それ以来、彼の行方は不明のままだという。
「中国政府は、彼の歌には政治的な意味合いがあり、その歌詞について懸念を表明した」と最初の情報筋はラジオ・フリー・アジアに語った。
セキュリティ上の脅威
ドルジェのようなチベット人芸術家は、 チベット自治区や中国各省のチベット人居住地域における中国の政策に対する反対や不満を平和的に表明しており、中国当局によって「国家安全保障」や「社会安定」に対する危険人物というレッテルを貼られている。
特に、チベットの国家アイデンティティや文化を擁護したり、中国の統治に対する批判を 表明したチベット人の作家、芸術家、歌手は、しばしば拘留されることになる。
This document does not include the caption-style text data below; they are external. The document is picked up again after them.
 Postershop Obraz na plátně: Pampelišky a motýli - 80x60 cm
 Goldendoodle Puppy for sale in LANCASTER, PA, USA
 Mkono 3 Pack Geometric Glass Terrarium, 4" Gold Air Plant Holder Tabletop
最初の情報筋によると、歌と伝統的なチベット文化パフォーマンスに情熱を注ぐ遊牧民であるドルジェさんは、地元のイベントや祭りでの演奏にしばしば呼び出されるという。
ドルジェさんの逮捕後、家族はキョンチュ警察署に容疑と彼の居場所に関する情報を入手しようとしたが、警察は情報を提供せずに彼らを追い返したと、第二の情報筋は述べた。
「彼らは、ドルジェが尋問されているのは、彼の歌詞と思想が挑発的な性質を持っていたためであり、彼の歌の歌詞とイデオロギーには『政治的問題』があると告げられた」と彼は語った。
「顔を真っ赤にした者たち」
ドルジェの歌詞では、チベット人を表す古い形容詞を使って、「不平等/不正義のこの場所」と「顔を赤らめた」人々が受けている差別についても言及している。
チベット人権民主センターは声明で、「この歌は中国の支配に対してチベット人が抱いている共通の不満を表現しており、中国党国家の抑圧政策を批判している」と述べた。
「抑圧が強まる現在の状況において、地元のチベット人には表現の自由や平和的な反対意見の権利を含む基本的人権を行使する手段がほとんど、あるいはまったくない」と同報告書は述べた。
一部のチベット芸術家は中国政府に対して極端な抗議活動を行っている。
2022年、著名な現代チベット歌手ツェワン・ノルブが、中国のチベット政策への反対を示すため、ラサの象徴的なポタラ宮前で焼身自殺した。
ラジオ・フリー・アジアは後に、ノルブさんの行為は彼の不満に注目を集めようとしたものであり、ノルブさんは負傷がもとで死亡したことを知った。
RFA チベット語では Tenzin Pema が編集し、Roseanne Gerin と Malcolm Foster が編集しました。